3. Generate and Store 2FA Tokens: When a user enables 2FA:
   • Create a random token (e.g., 6-digit number).
   • Store this token securely in your database, associated with the user’s account. Never store it in plain text – use hashing algorithms like bcrypt or Argon2.
   • Send an SMS message to the user’s registered phone number containing the token.

     const twilio = require('twilio');
     const client = new twilio(accountSid, authToken);
     client.messages.create({ 
       to: '+15558675309', // User's phone number
       from: '+14155238886', // Your Twilio phone number
       body: 'Your 2FA code is: ' + token });

4. Verification Process: During login:
   • Prompt the user for their password and 2FA token.
   • Retrieve the stored hashed token from your database.
   • Compare the entered token with the stored token (using a secure comparison function provided by your hashing library – do not directly compare hashes).
   • If the tokens match, grant access; otherwise, deny it.

     bcrypt.compare(enteredToken, storedHashedToken, function(err, result) {
       if (result) {
         // Tokens match - allow login
       } else {
         // Tokens do not match - deny login
       }
     });

5. Rate Limiting: Implement rate limiting to prevent brute-force attacks on the SMS verification process.
   • Limit the number of 2FA requests per user within a specific timeframe.
   • Consider IP address-based rate limiting as well.

Security Considerations (Hacks & Mitigations)

1. SIM Swapping: Attackers can port a user’s phone number to their own SIM card, intercepting SMS messages.
   • Mitigation: Encourage users to use authenticator apps instead of SMS 2FA. Offer multiple 2FA options.
2. SS7 Vulnerabilities: Signaling System No. 7 (SS7) is a protocol used by mobile networks, and it has known vulnerabilities that attackers can exploit to intercept SMS messages.
   • Mitigation: This is difficult to mitigate directly.
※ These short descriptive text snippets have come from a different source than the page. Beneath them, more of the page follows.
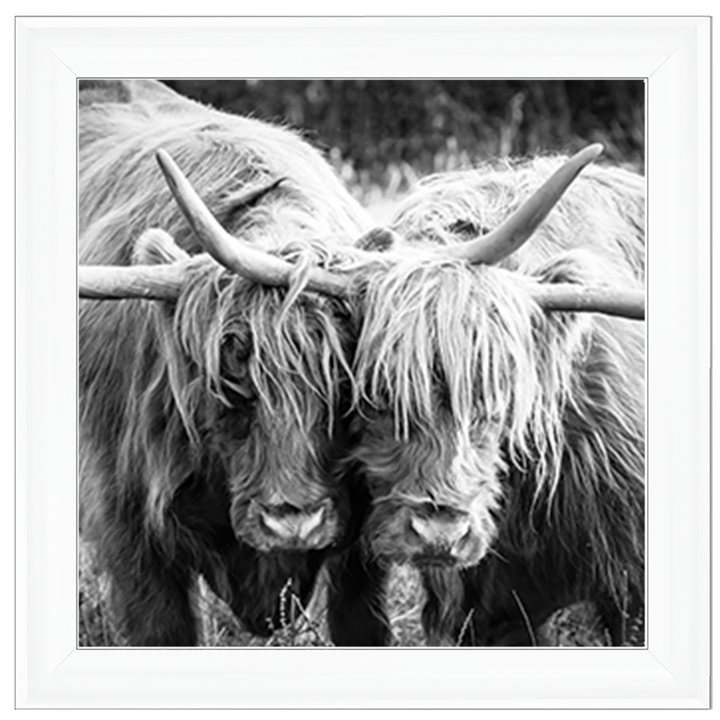 AN282 Highland Cow Love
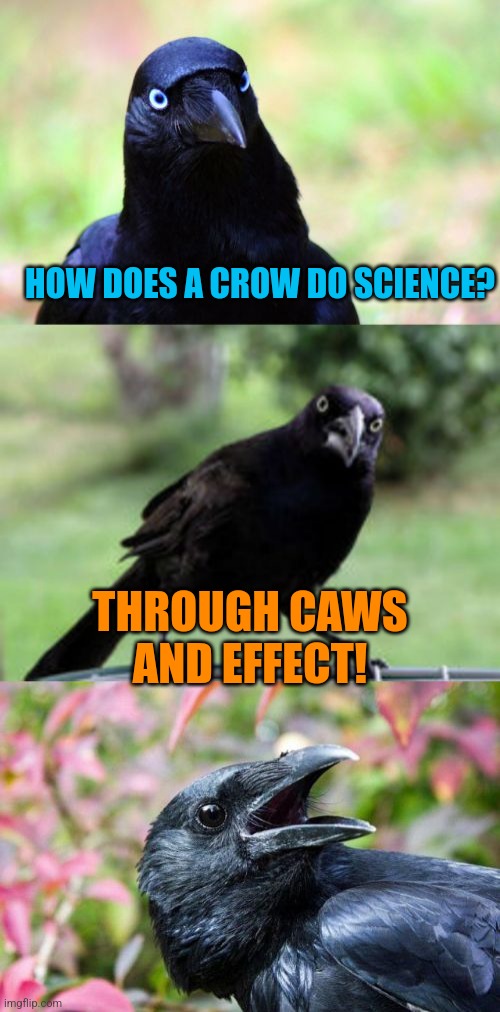 bad pun crow | HOW DOES A CROW DO SCIENCE? THROUGH CAWS AND EFFECT! | image tagged in bad pun crow | made w/ Imgflip meme maker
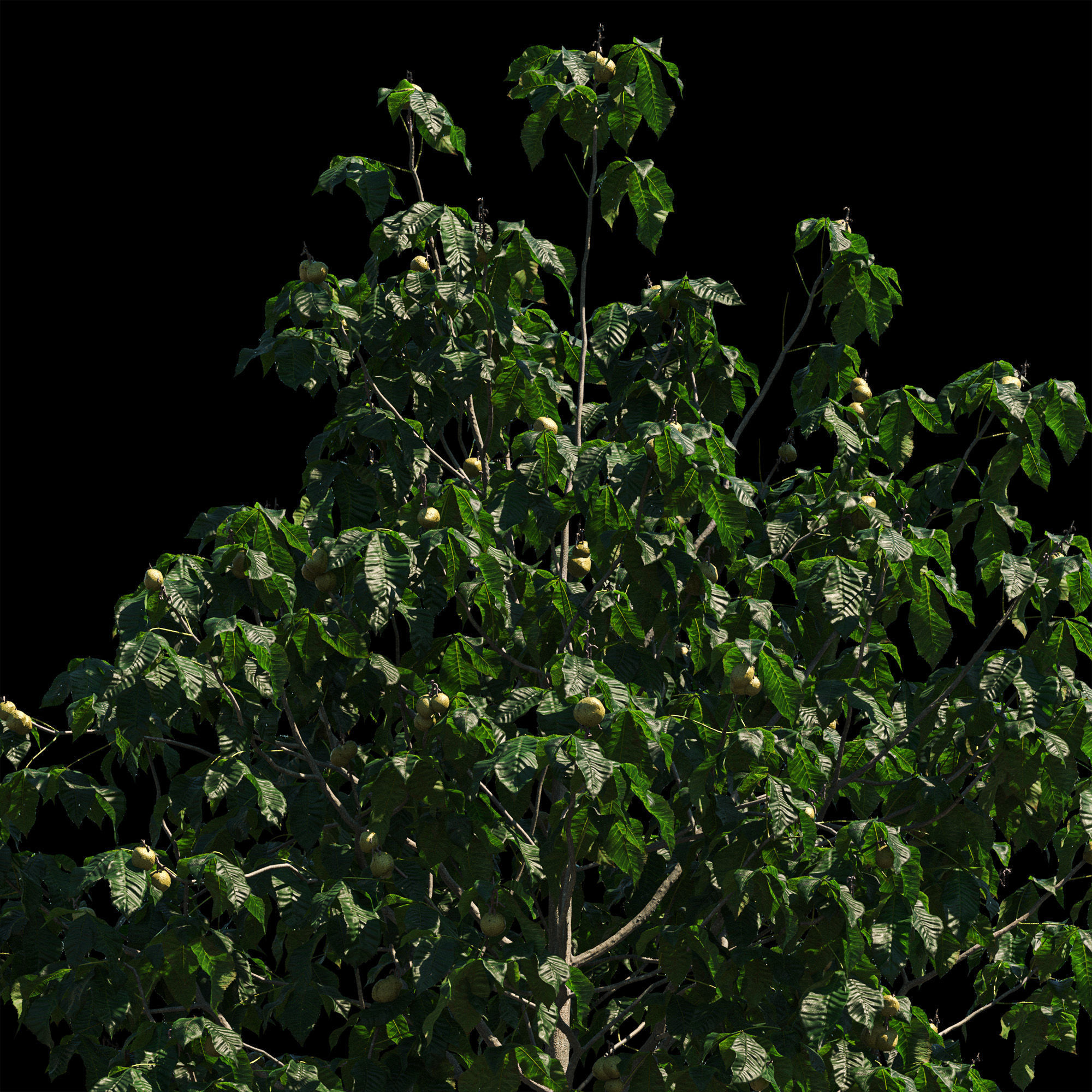 Aesculus x carnea briotii 101SU - Red Horse Chestnut 3D model_6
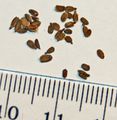 Winter carrot seeds - with mm-cm scale.JPG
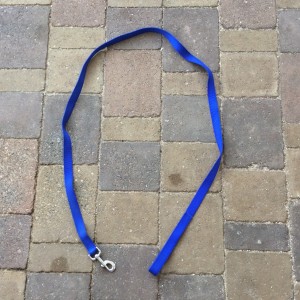 Use the standard six foot leash for dog training in Oahu
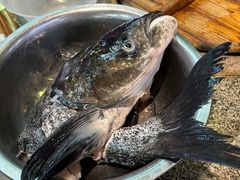 -好灶头妈妈菜·柴火灶台鱼·千岛湖土菜地标美食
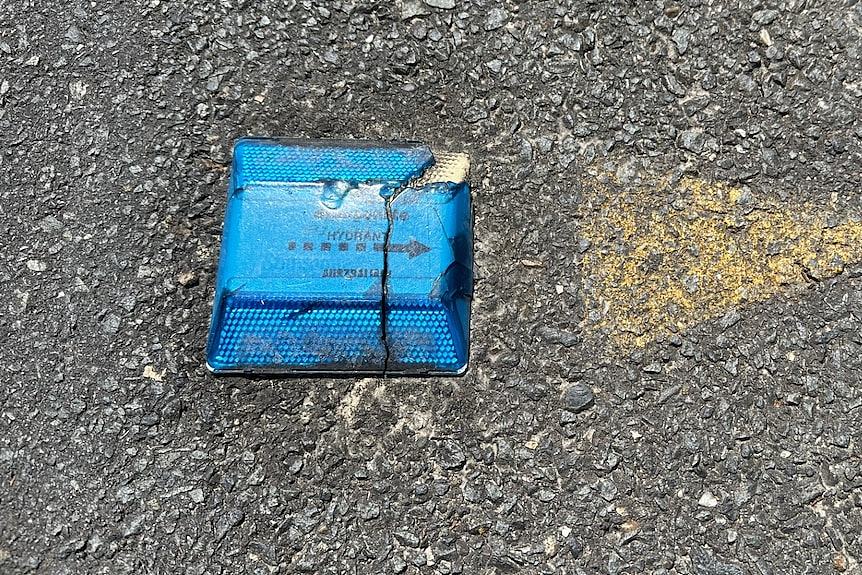 澳洲马路上这种蓝色反光片到底是什么?原来它是救命的(组图) - 4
Using authenticator apps or hardware security keys are better solutions.
3. SMS Interception Tools: Various tools exist that allow attackers to intercept SMS messages.
   • Mitigation: Again, encourage stronger 2FA methods.
4. API Key Compromise: If your SMS provider API keys are compromised, attackers can send verification codes for any user.
   • Mitigation: Store API keys securely (e.g., using environment variables or a secrets management system). Rotate keys regularly. Implement strict access controls to limit who can access the keys.
5. Database Security: If your database is compromised, attackers can steal stored hashed tokens.
   • Mitigation: Use strong encryption for your database. Implement robust access controls and regular security audits.

Important Notes

• SMS 2FA is more secure than no 2FA, but it’s significantly less secure than authenticator apps or hardware security keys.
• Always prioritize user education and encourage the use of stronger authentication methods.
• Regularly review your code for vulnerabilities and keep your dependencies up to date.